What if no one had ever heard of Jesus? What if something happened and, over time, the story of Jesus Christ, along with all reference to him and anything to do with Christianity, was eventually and entirely lost from all human memory, and not a single shred of evidence existed anywhere about him, or the Christian God?

This is the problem with the idea that we must "believe" in a story of a God-man, who died for our sins and rose again. It is also the problem with all such "stories" that any religion has to offer.
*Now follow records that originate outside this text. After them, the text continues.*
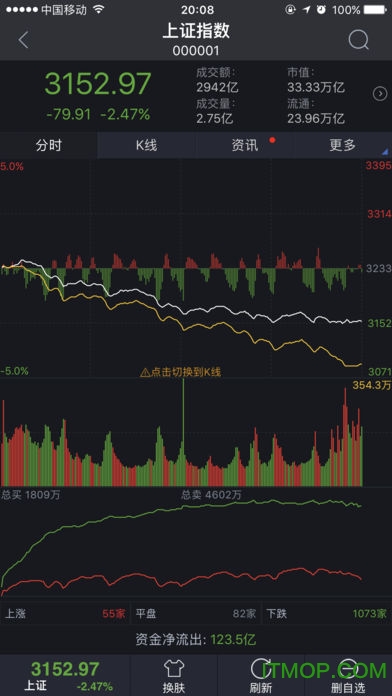 长城大智慧苹果版 长城大智慧苹果版
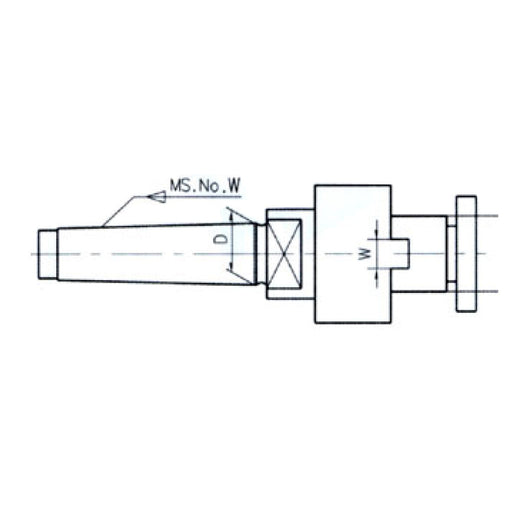 Sheartak Tools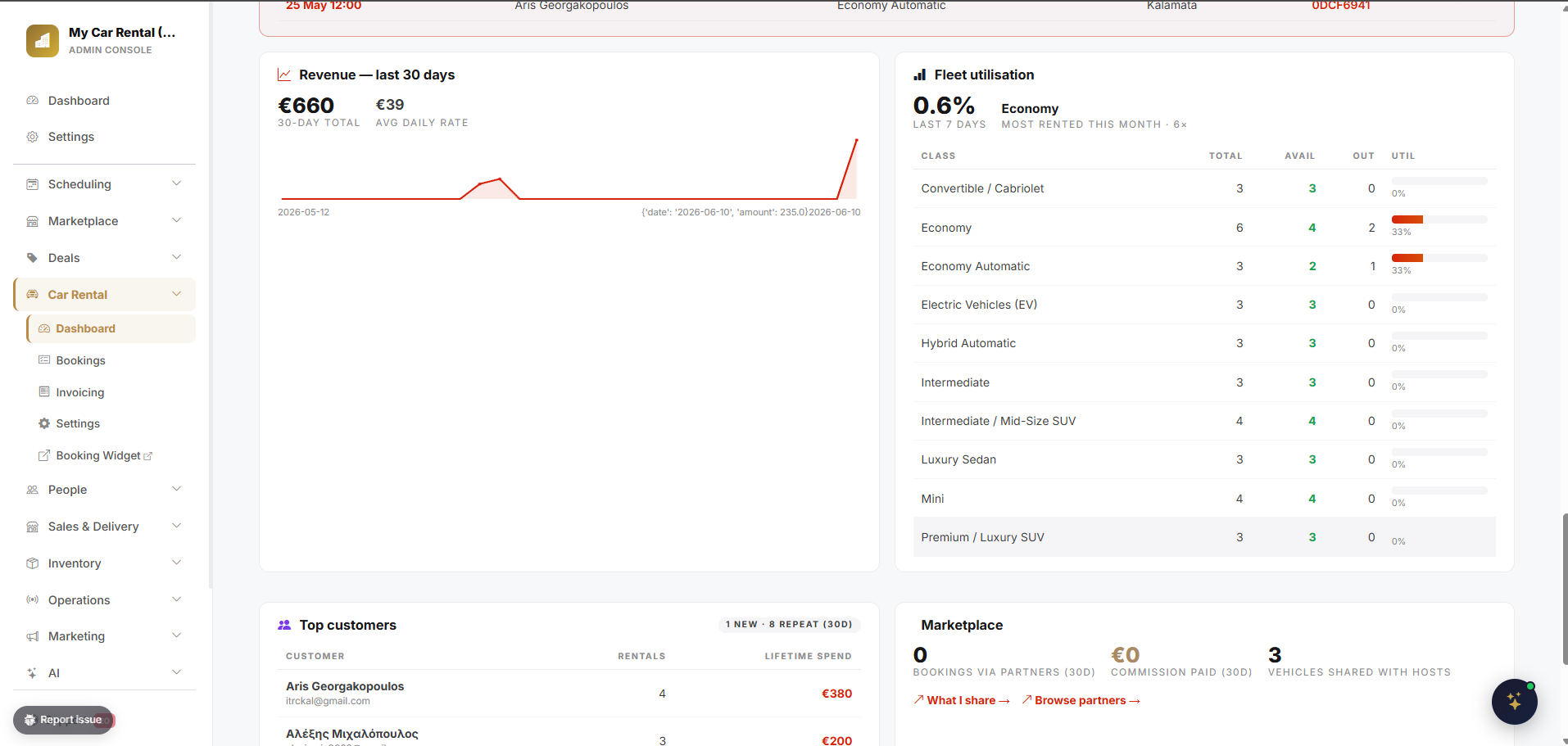 Rent-a-Car Owner dashboard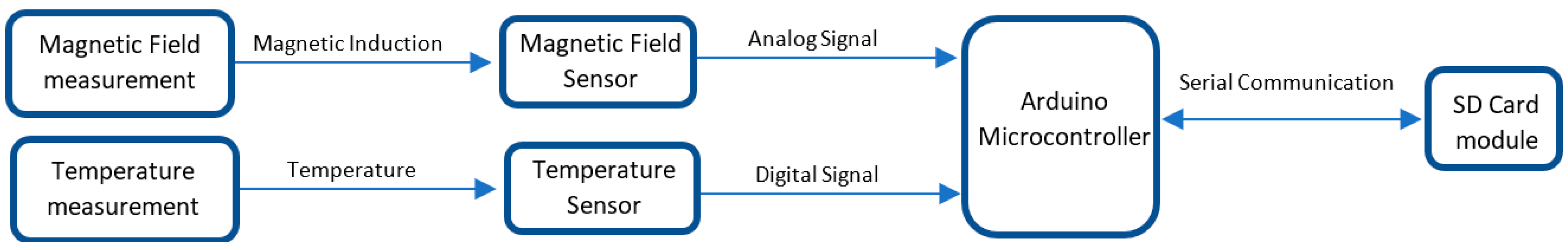 Jmse 11 01423 g002 Jmse 11 01423 g002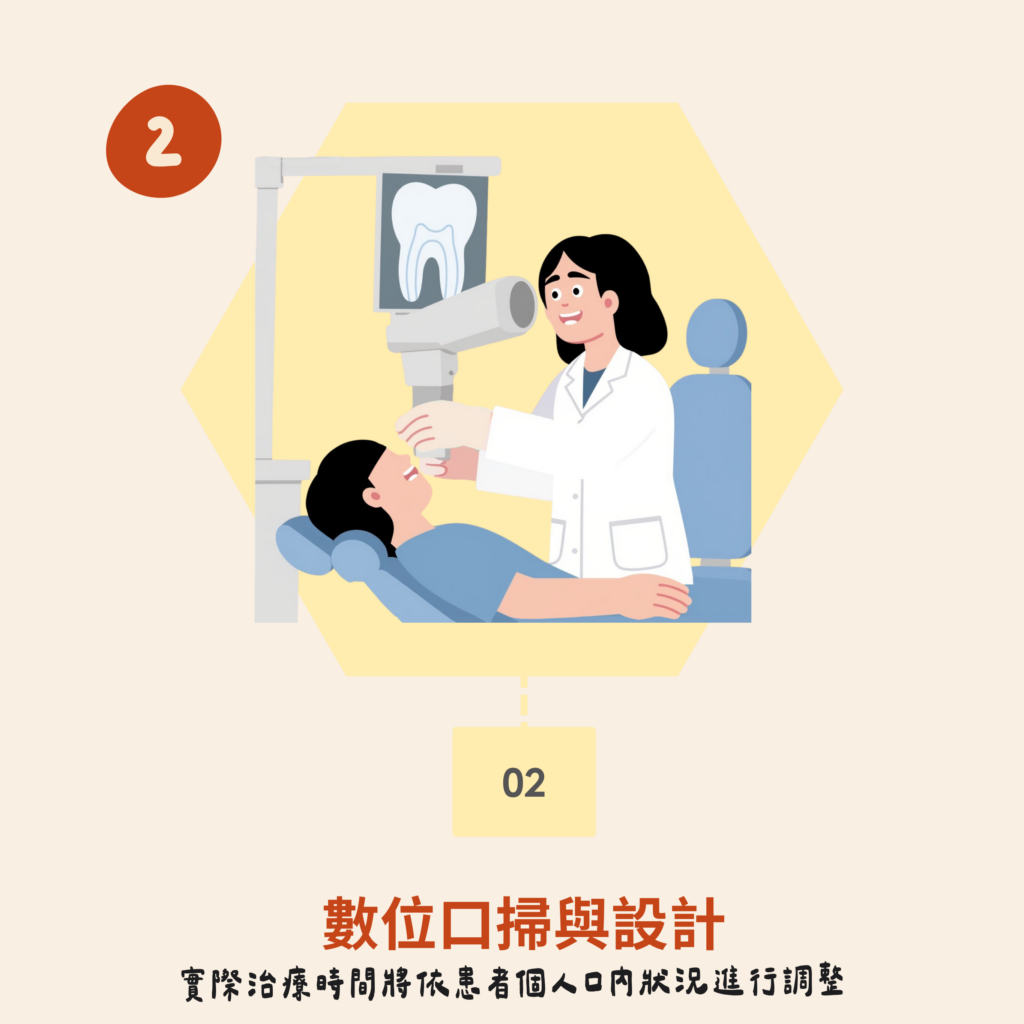 東嶼牙醫一日假牙步驟二02 數位口掃與設計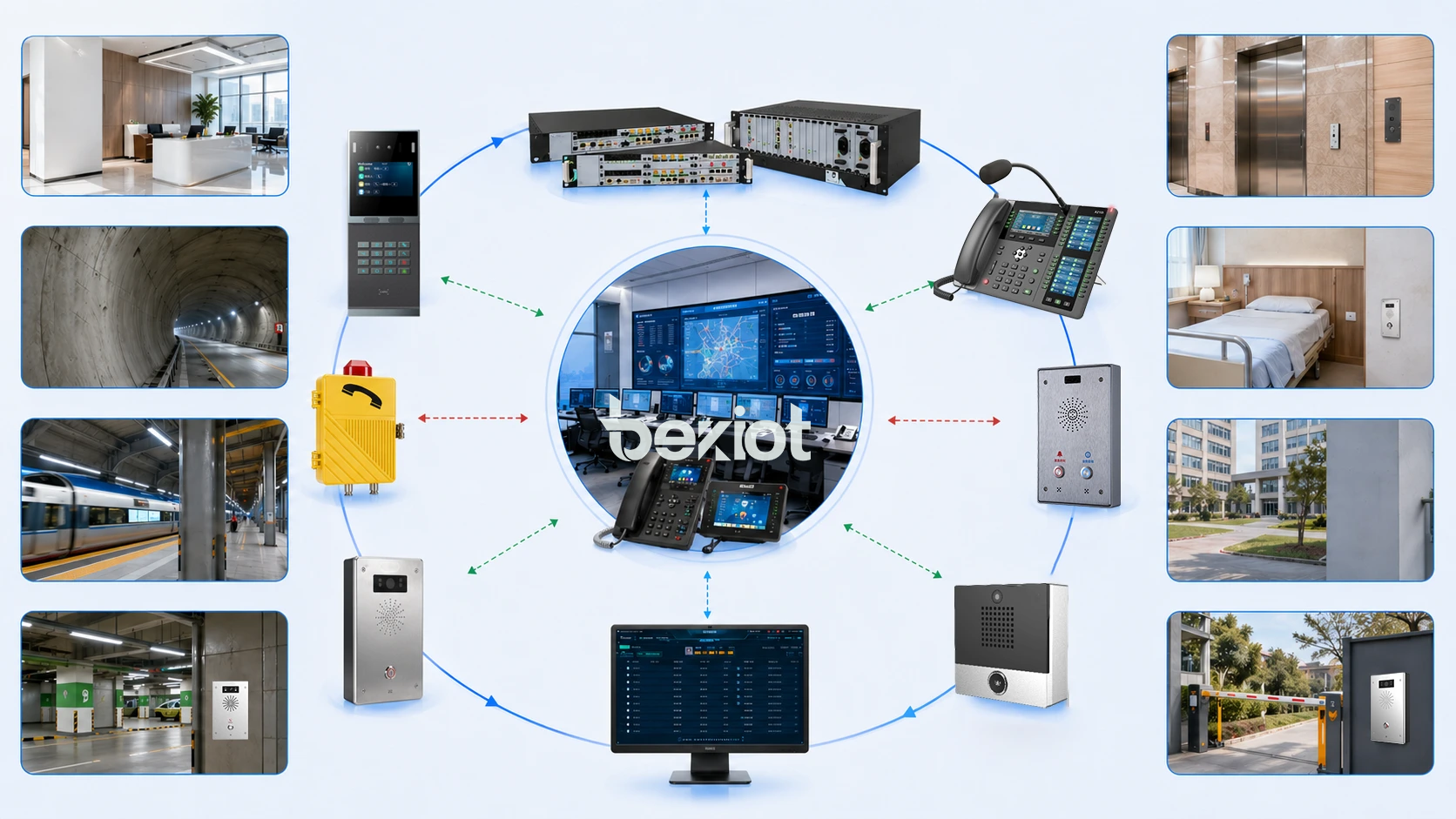 Quais são as vantagens do botão de chamada em um plano de implantação real?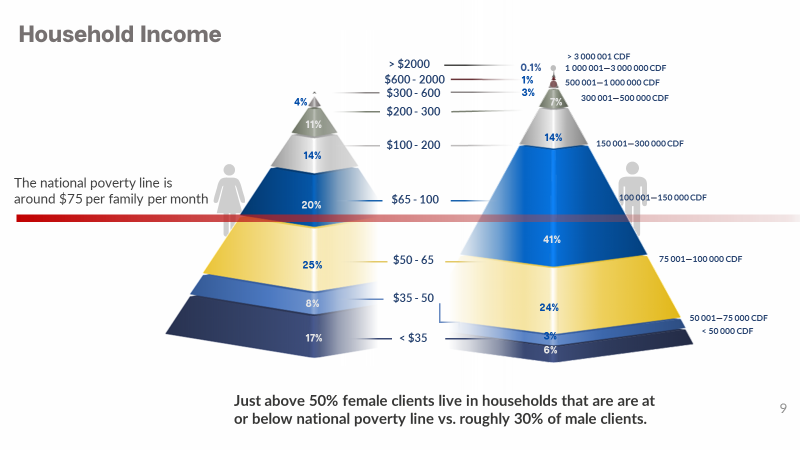 household income of clients using agency banking in DRC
It never considers what happens if humanity on the whole exercises as much amnesia about Jesus as it does about everything else.  Think about it.

If ALL of the stories of the Bible were suddenly wiped from both human memory and from our entire universe, then there would obviously be no way for anyone to "believe" in a man, or a story, or even our fall and redemption, even though they needed to "believe" such a story to save themselves from an eternal damnation.

What, then, would that mean, or tell us, about the story itself?

At the very least, it would strongly suggest just how purely HUMAN such stories really are. For if the story of Jesus, and the entire Bible, had all come directly from God, and  were necessary (or even just very useful) tools for working out our salvation, then shouldn't God have found a way to ensure that each person on the planet was born with such information already pre-installed in their minds when they were born?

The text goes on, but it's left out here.